In [0]:
!pip install snowflake-connector-python

In [0]:
import datetime
from delta.tables import DeltaTable
import pyspark.sql.functions as F

In [0]:
import snowflake.connector
import pandas as pd
from pyspark.dbutils import DBUtils

# Initialiser DBUtils
dbutils = DBUtils(spark)

# Récupérer les secrets depuis le scope
user = dbutils.secrets.get(scope="my_snowflake_scope", key="user")
password = dbutils.secrets.get(scope="my_snowflake_scope", key="password")
account = dbutils.secrets.get(scope="my_snowflake_scope", key="account")
warehouse = dbutils.secrets.get(scope="my_snowflake_scope", key="warehouse")
database = dbutils.secrets.get(scope="my_snowflake_scope", key="database")
schema = dbutils.secrets.get(scope="my_snowflake_scope", key="schema")
role = dbutils.secrets.get(scope="my_snowflake_scope", key="role")

# Connexion à Snowflake
connection = snowflake.connector.connect(
    user=user,
    password=password,
    account=account,
    warehouse=warehouse,
    database=database,
    schema=schema,
    role=role
)



In [0]:
from pyspark.dbutils import DBUtils

# Initialiser DBUtils
dbutils = DBUtils(spark)

# Récupérer les secrets depuis le scope
ADLS_STORAGE_ACCOUNT_NAME = dbutils.secrets.get(scope="adls_scope", key="storage_account_name")
ADLS_ACCOUNT_KEY = dbutils.secrets.get(scope="adls_scope", key="account_key")
ADLS_CONTAINER_NAME = dbutils.secrets.get(scope="adls_scope", key="container_name")
ADLS_FOLDER_PATH = dbutils.secrets.get(scope="adls_scope", key="folder_path")
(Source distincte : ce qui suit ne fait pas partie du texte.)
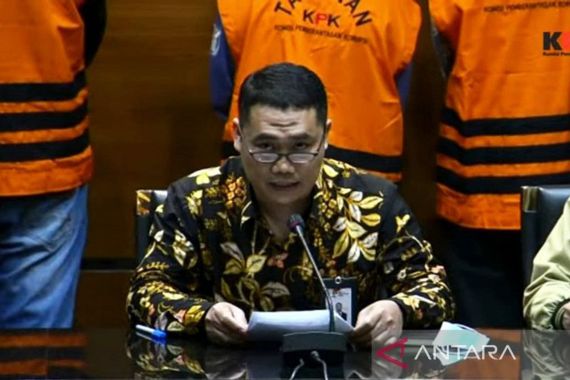 KPK Sinyalir Hadirkan Anggota DPR Sudewo dalam Persidangan - JPNN.COM
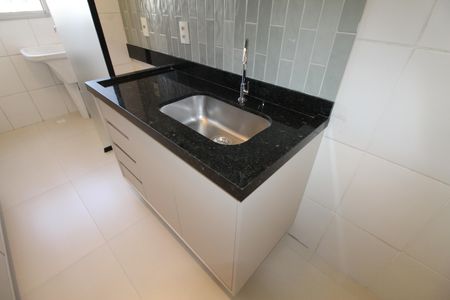 Cozinha de apartamento para alugar com 2 quartos, 58m² em Vila Rossi, São José dos Campos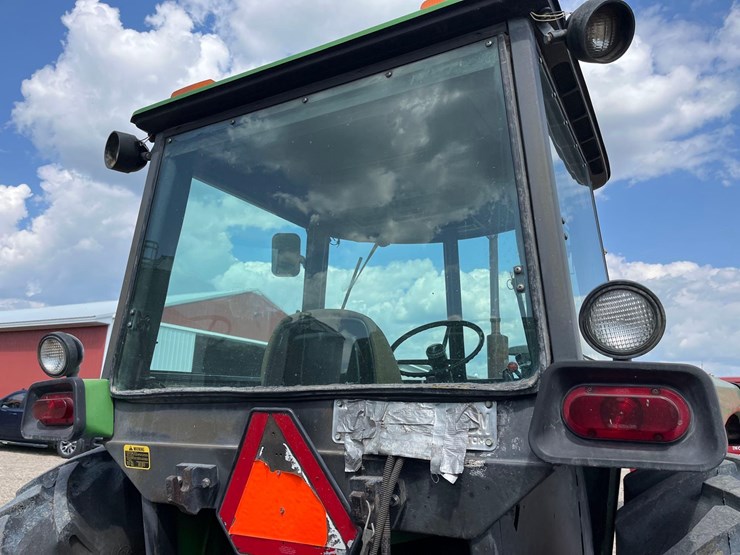 1982-john-deere-4040-image-8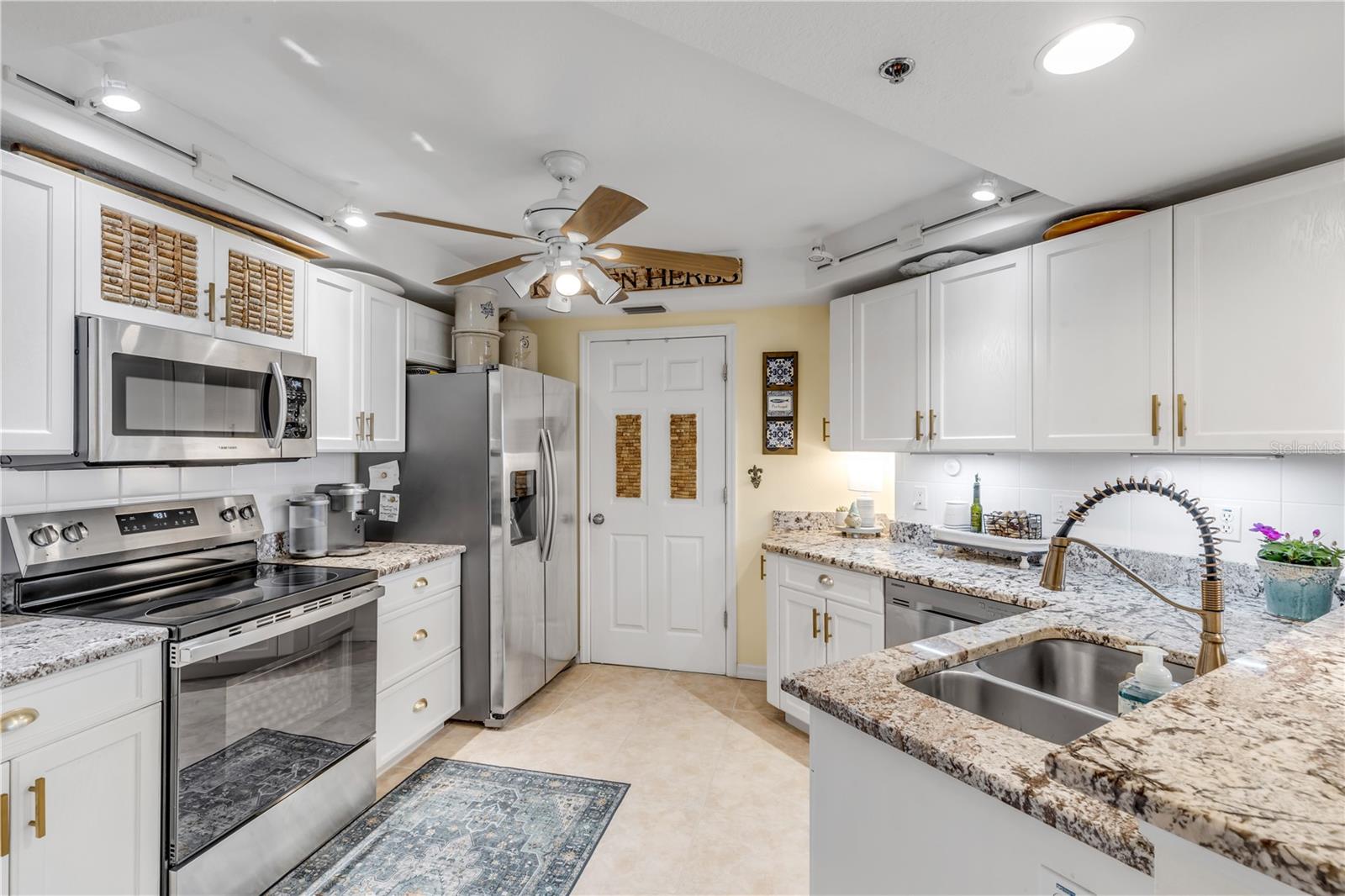 OCEAN WALK NSB BLDG 16 - Residential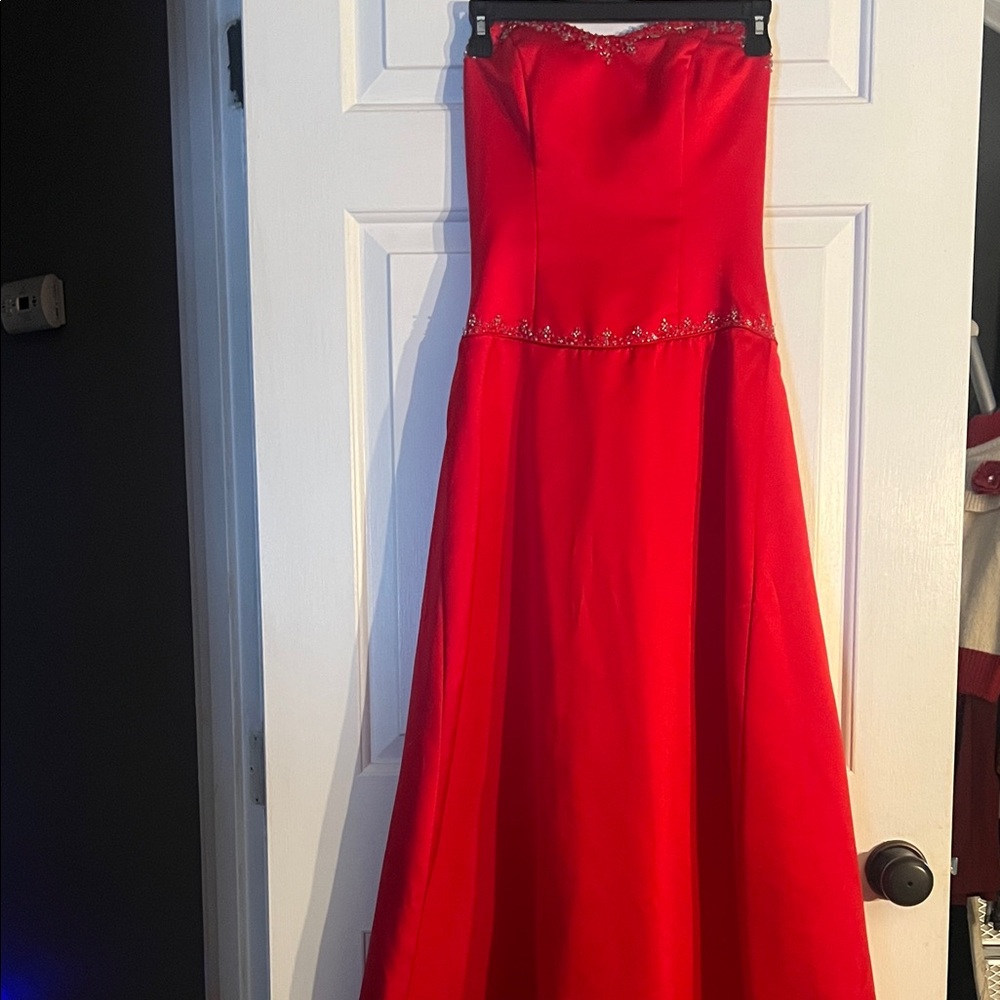 Elegant Red Prom Dress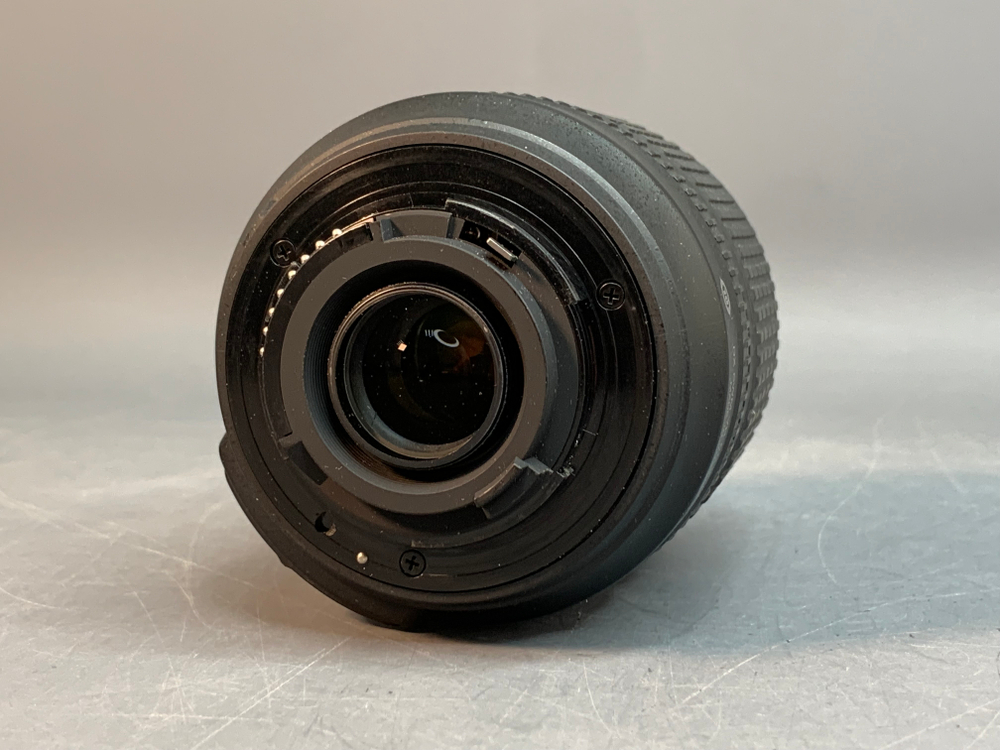 Nikon 18-105mm 3.5-5.6G AF-S ED DX VR Nikkor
# Construire l'URL Delta Source
DELTA_SOURCE = f"abfss://{ADLS_CONTAINER_NAME}@{ADLS_STORAGE_ACCOUNT_NAME}.dfs.core.windows.net/{ADLS_FOLDER_PATH}"


In [0]:
# Define checkpoint file path
CHECKPOINT_FILE_PATH = "./delta_checkpoint.txt"

In [0]:
# Create Spark session
spark.conf.set(
    f"fs.azure.account.key.{ADLS_STORAGE_ACCOUNT_NAME}.dfs.core.windows.net",
    ADLS_ACCOUNT_KEY,
)
spark.conf.set("spark.databricks.delta.changeDataFeed.timestampOutOfRange.enabled", "true")

In [0]:
# Read the checkpoint file if it exists, otherwise set the LAST_READ_TIMESTAMP to 0
delta_table = DeltaTable.forPath(spark, DELTA_SOURCE)
try:
    with open(CHECKPOINT_FILE_PATH, "r") as checkpoint_file:
        LAST_READ_TIMESTAMP = checkpoint_file.read()
    print("Getting Latest timtestamp from checkpoint file: ")
except FileNotFoundError:
    print("Getting Latest timtestamp from delta history: ")
    LAST_READ_TIMESTAMP = (
        delta_table.history().select(F.min("timestamp").alias("timestamp")).collect()
    )
    LAST_READ_TIMESTAMP = str(LAST_READ_TIMESTAMP[0]["timestamp"])
     

Getting Latest timtestamp from delta history: 


In [0]:
print("LAST_READ_TIMESTAMP: ", LAST_READ_TIMESTAMP)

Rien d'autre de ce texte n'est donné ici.